Today at about 2:35 PM (EST) on his nationally syndicated radio program, Rush Limbaugh made a keen observation.
"Polio is not a virus," Limbaugh speciously declared to bolster his flawed argument that scientists have no vaccines for viruses.
"America's Anchorman," as he calls himself, alerted his audience that he was putting on his thinking cap and made us all proud as he mused aloud, among other inaccuracies: "There are no vaccines for viruses."
The comments came after he read a report that suggested scientists were at least 20 years away from an AIDs vaccine. Limbaugh found it preposterous that scientists were looking for a vaccine for AIDs since, according to his superior grasp of world events, scientists have never discovered a vaccine for any viruses.
Someone might want to explain to Limbaugh that we have vaccines for smallpox, chickenpox, the Human Papillomavirus, influenza, Hepatitus A and B, the rabies virus, the Japanese Encephalitus Virus, measles, and mumps--all of which are...viruses.

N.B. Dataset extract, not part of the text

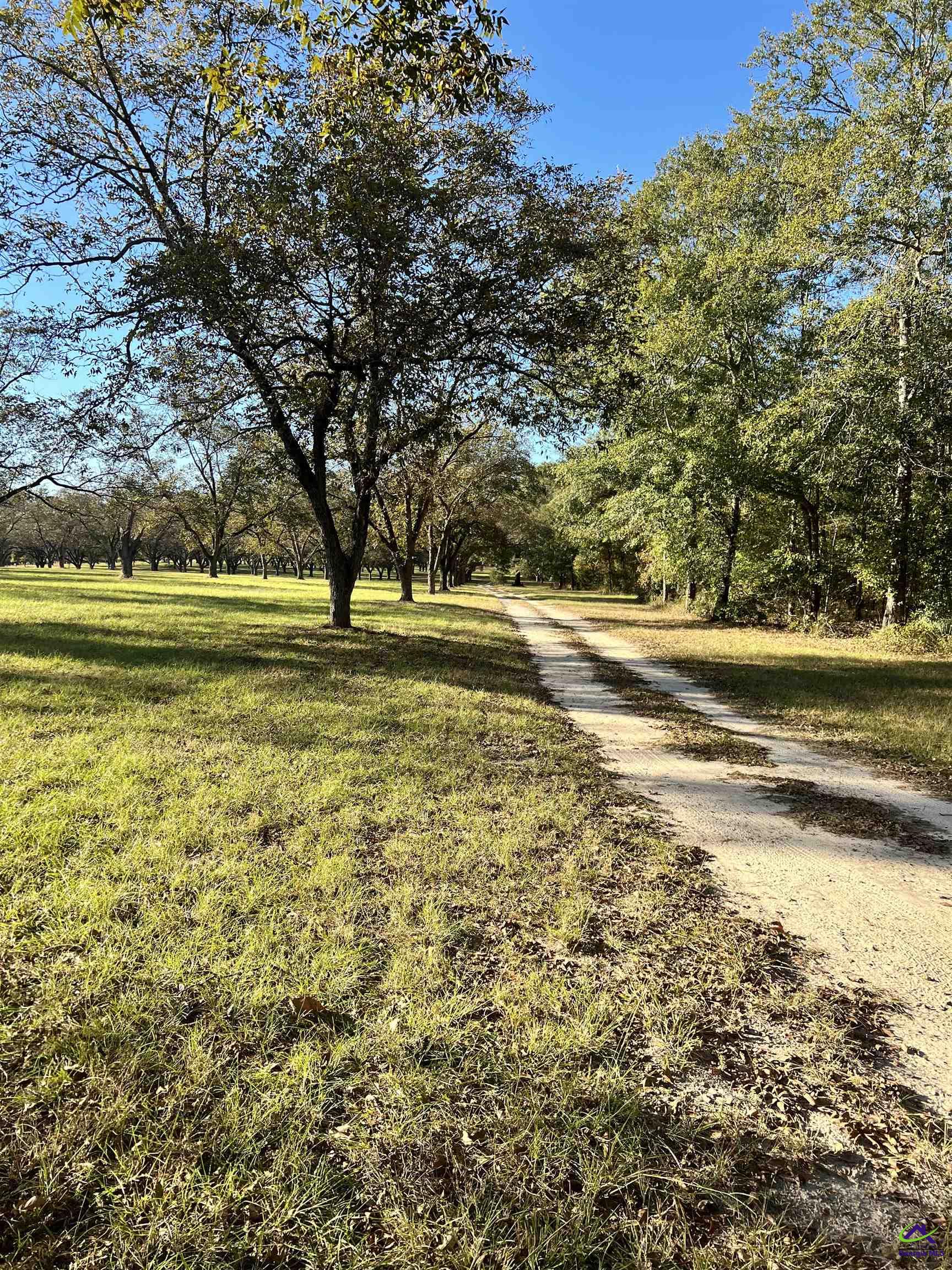 2382 Gallimore Mill Road Danville, GA 31017 - Photo 49 of 80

Someone off the microphone may have alerted Limbaugh to the fact that he was getting way off-course. Limbaugh said, "Well there's a vaccine for the flu, but then you get the flu any way and it misses the strain you've caught." He said this as if it negated the existence of a vaccine for the common flu...which is a virus.
The misstatement provides an opportunity for Democrats to make a laughingstock out of a man whose comments make Reverend Jeremiah Wright's diatribe sound like the instructions on how to assemble a vacuum cleaner...a virus for which there is apparently no vaccine.
Media Matters is sure to have the audio tape, and they ought to release it to the world.